Is it an accident that a Californian dreamed up the device that allows the sum of all human knowledge to fit neatly in the palm of our hands?
Nano is neato, but we also need our grand projects — Disney Hall, the new Bay Bridge, the Los Angeles Metro — to remind us that we are still capable of great civic undertakings. As the roads fill up, and air travel becomes unbearable, we need to know that life can become more convenient, not less. The electric bullet train, which will cover 800 miles with 24 stations from San Diego to San Francisco and Sacramento (it will branch at Madera) will also bring jobs, cleaner air and a sense of cohesion to a sprawling state.

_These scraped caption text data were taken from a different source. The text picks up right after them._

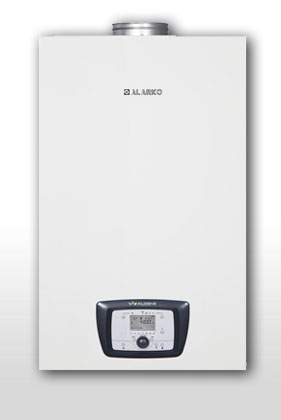 Aldens 單功能冷凝燃氣壁掛爐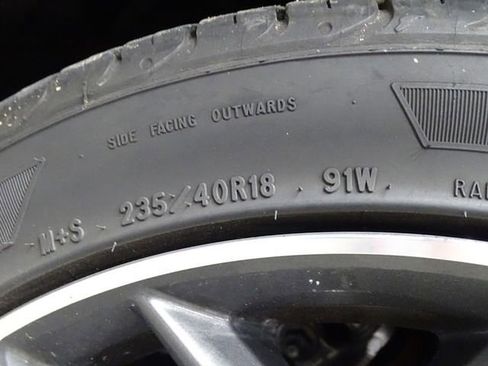 Used 2022 Honda Civic Touring image 45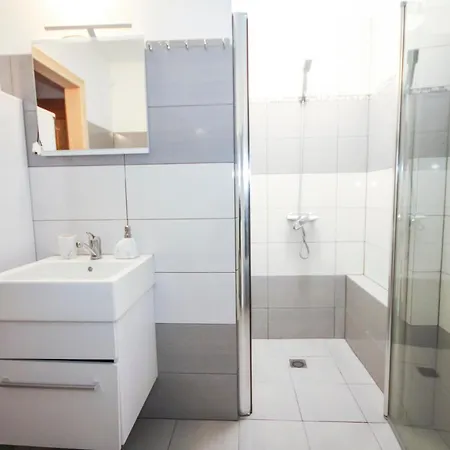 Apartment Wigar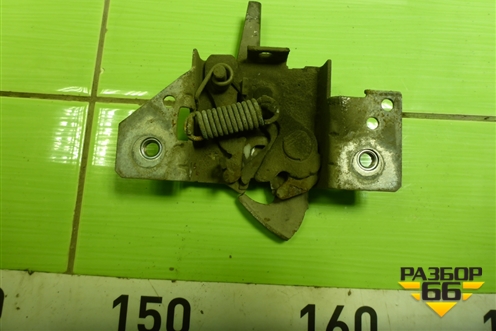 Замок капота для Ford Fusion с 2002г (Фьюжн)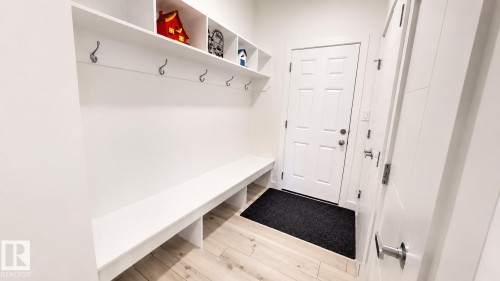 4601 62 Street, Beaumont, AB - Indoor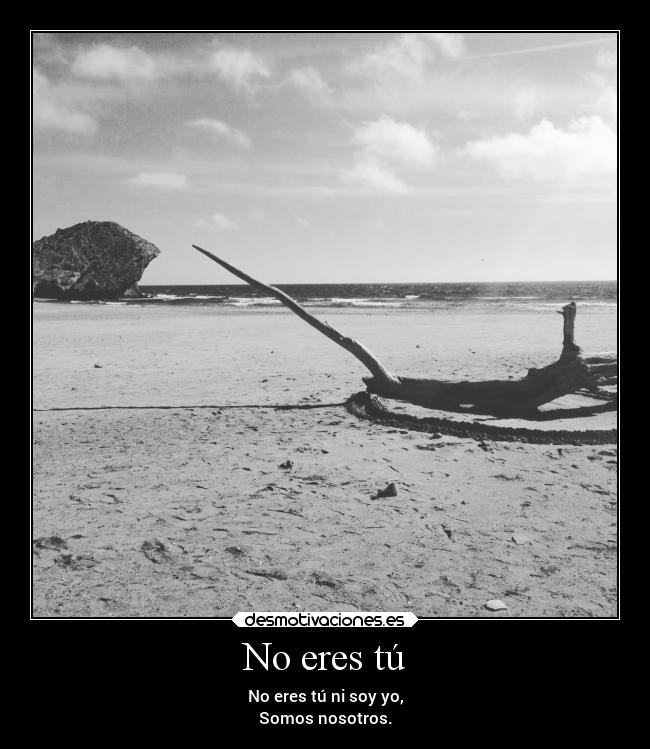 carteles amor amistad perdon nosotros desmotivaciones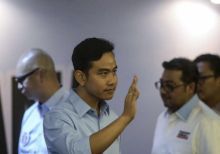 Gibran Rakabuming Raka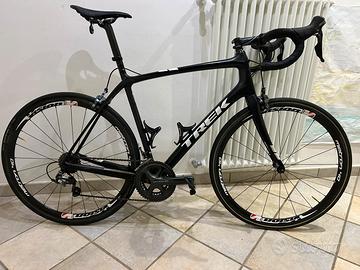 Trek Domane 5 serie tg 58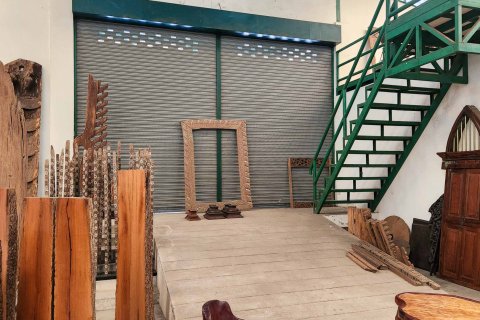 Warehouse in Chiang Mai, Thailand 1550 sq.m. № 122795 - photo 25
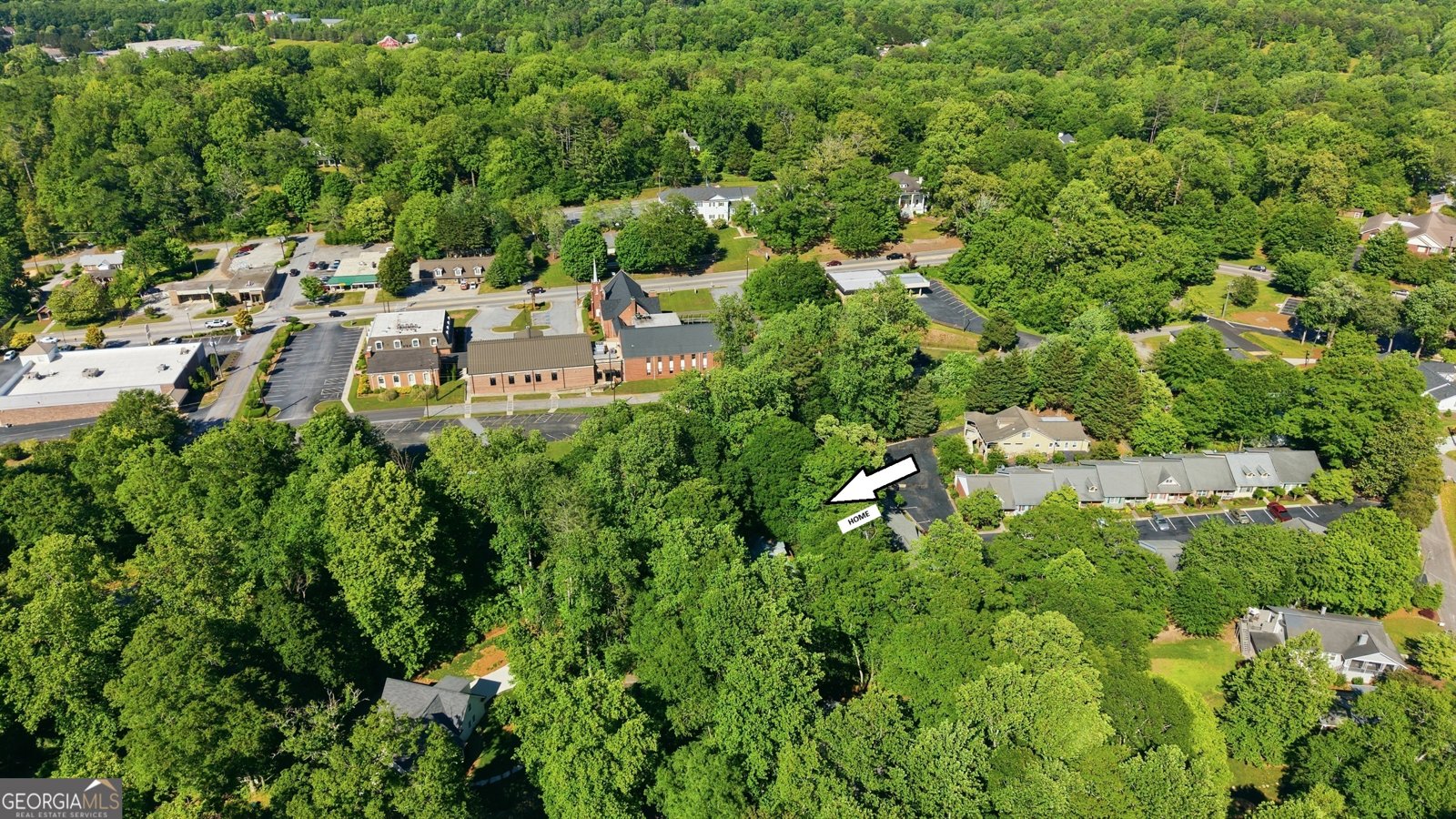 325 Springwood Drive Clarkesville - Photo 48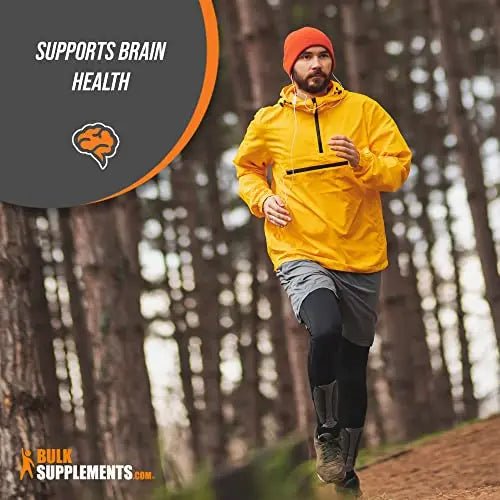 BULKSUPPLEMENTS.COM Hesperidin Powder - Hesperidin Supplement from Citrus - TrustMedUSA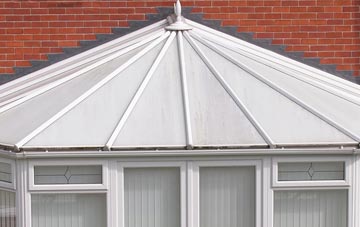 Kilmeston polycarbonate conservatory roof repairs
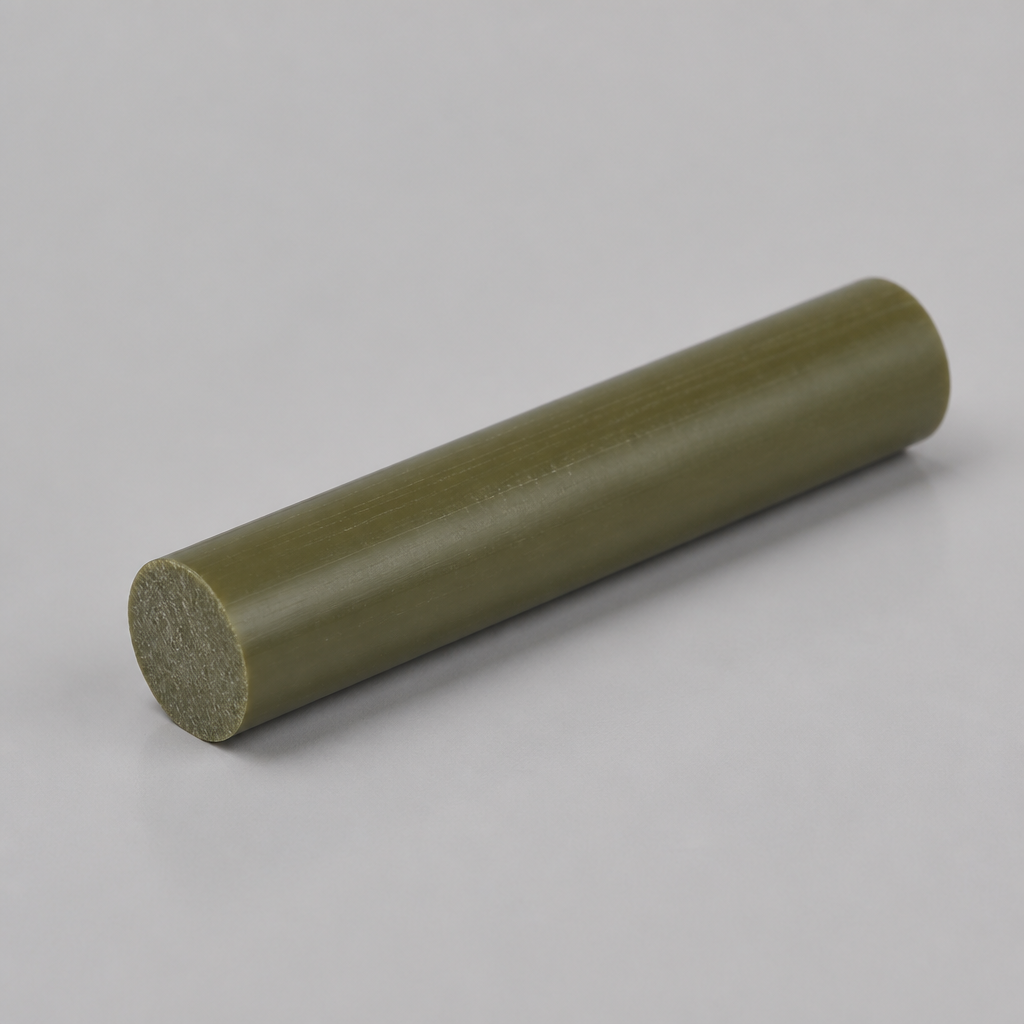 10mm Sample Oilon Rod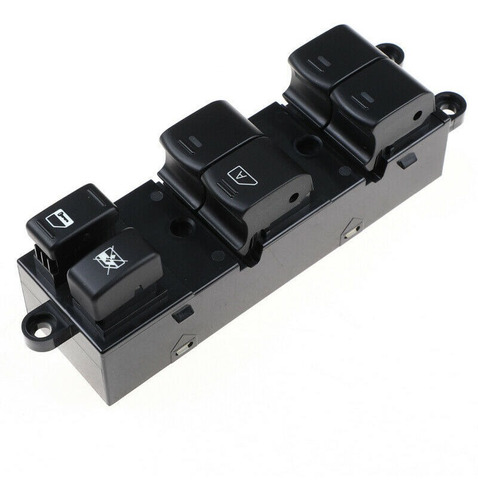 Interruptor Ventana Subaru Impreza 2007-2011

More than one speaker here compared the bullet train to the Golden Gate Bridge, the Hoover dam and the Panama Canal — engineering triumphs with powerful detractors, funding crises and deadly accidents. "Everything big runs into opposition," Brown said. "The Central Valley Water Project was stigmatized and attacked. The BART? The mayor of Berkeley said this thing was a complete boondoggle."
Leave it to the former seminarian to put a spiritual gloss on his legacy project.
"As you know, I've had a lot of focus on the Middle Ages," Brown said. "Had to talk Latin and read a lot of stuff about the saints." His interests led him to visit great cathedrals, whose construction could be measured in centuries, not decades.
"Well," he vowed, "it's going to be quicker this time around."
From your lips to God's ears, Gov. Brown.